Faut-il souhaiter une révolte ?

 

Pour info, très intéressant papier de Philippe Corcuff dans le numéro de « La Décroissance » d’avril (N° 78) sur :

 

« Faut-il souhaiter une révolte ? »

 

ATTENTION :Ce journal ne vit que des abonnements et des numéros achetés, son expédition est faite par des bénévoles,… alors si vous pouvez l’acheter c’est 2,20 euros le numéro, les deux autres interventions sont tout aussi intéressantespour ouvrir des possibles ici, là-bas et maintenant…

 

Voici l’introduction du débat et les interrogations qui nous traversent toutes et tous, c’est page 14 et 15 de numéro :

« Ce grand mouvement de révolte en Afrique du Nord montre que l’aspiration à la liberté et à la démocratie n’est pas l’apanage de l’Occident. Les riches pays donneurs de leçons feraient bien de s’en inspirer » écrivait Fabrice Flipo dans sa chronique du dernier numéro de La Décroissance.
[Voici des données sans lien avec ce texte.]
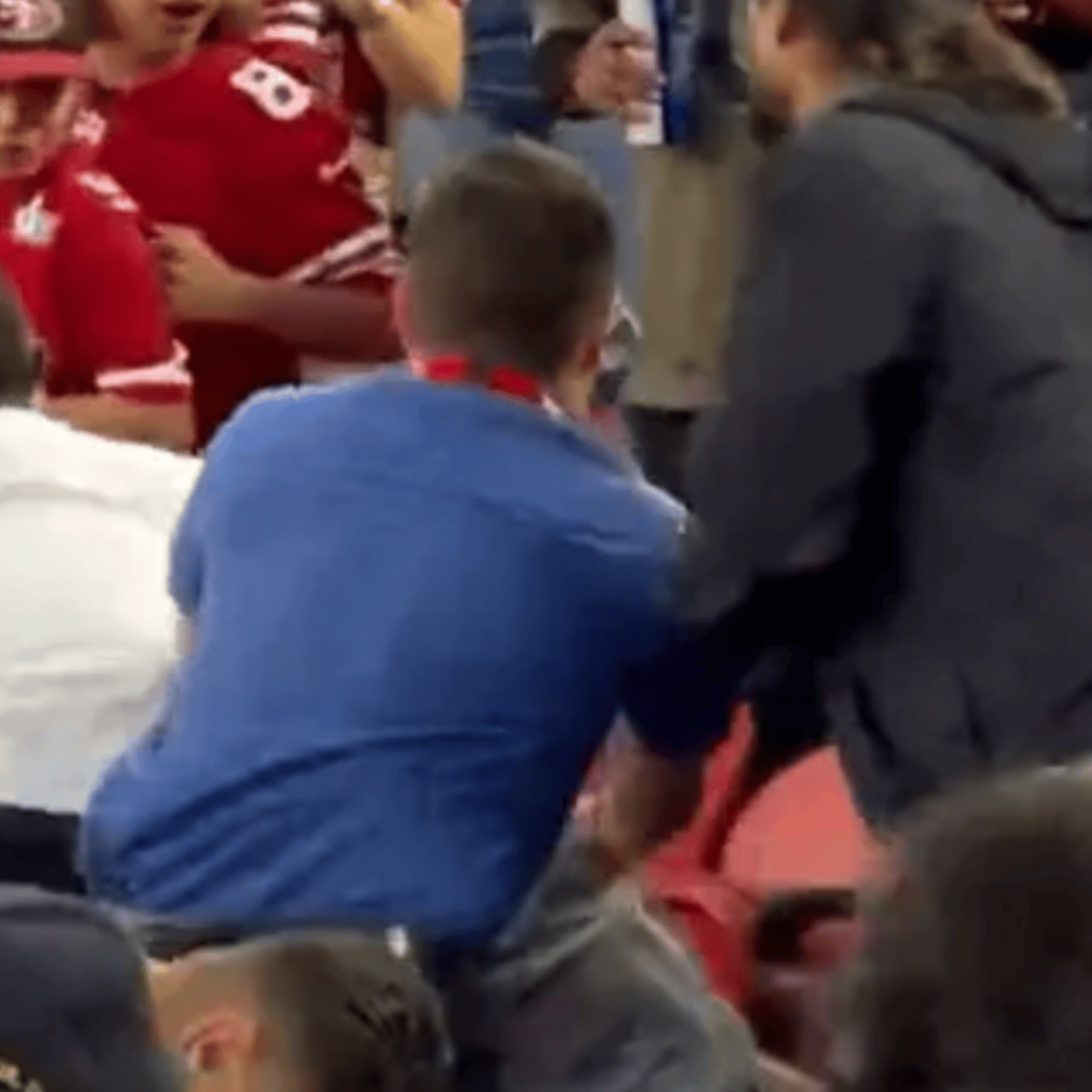 Bloody brawl between Broncos and 49ers fans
Le courage et la détermination des peules tunisiens, égyptien, libyen, bahreïni ou yéménite nous renvoient quelque part à notre immobilisme.
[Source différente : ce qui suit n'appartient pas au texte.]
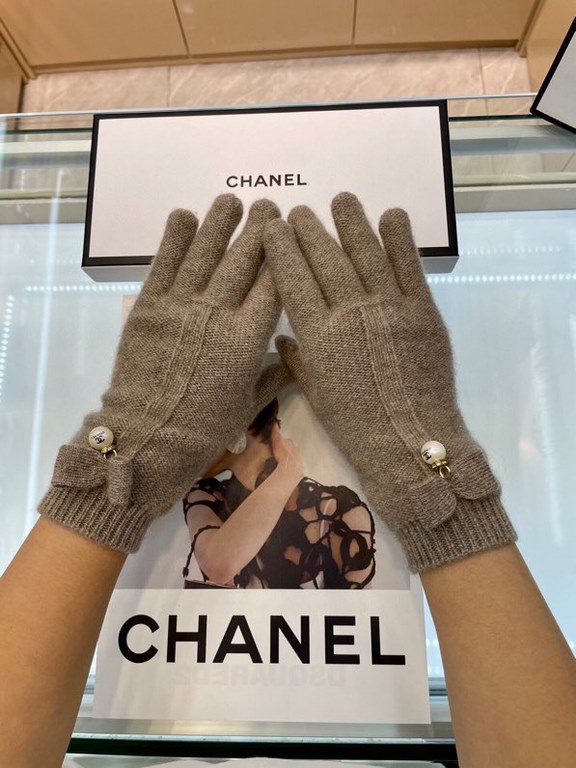 Chanel new cashmere knitted gloves   100% cashmere on the hand that is warm   This section uses natural high-quality cashmere soft warm and comfortable 7GG double yarn handmade horizontal machine flat knitting handmade n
Les raisons de nous insurger sont un peu différentes, certes, mais elles ne manquent pas.

La première d’entre elles, pour nous objecteurs de croissance, est que la croissance nous envoie dans le mur et la barbarie, et nous y assistons souvent en spectateurs impuissants. Tout en sachant qu’elle peut être violente, faut-il souhaiter une révolte maintenant ? Et puis, concrètement, un renversement de l’oligarchie est-il possible, voire souhaitable ? Ce simple renversement nous permettrait-il d’échapper à la folie du productivisme ? Les grandes idées de partage, de solidarité ou de ralentissement auraient-elles une chance de s’épanouir sur les bases d’une société en colère ?

 

Bonne lecture,

 

 

Faut-il souhaiter une révolte?

 

Participants au débat :

* Serge Latouche, économiste et penseur de la décroissance, publie au début du mois d’avril Vers une société d’abondance frugale. Contresens et controverses sur la décroissance, éd. Mille et une Nuits, 4 euros.

* Anne-Isabelle Veillot, co-candidate du parti pour la décroissance (PPLD) aux élections cantonales avec Yvelines-Décroissance.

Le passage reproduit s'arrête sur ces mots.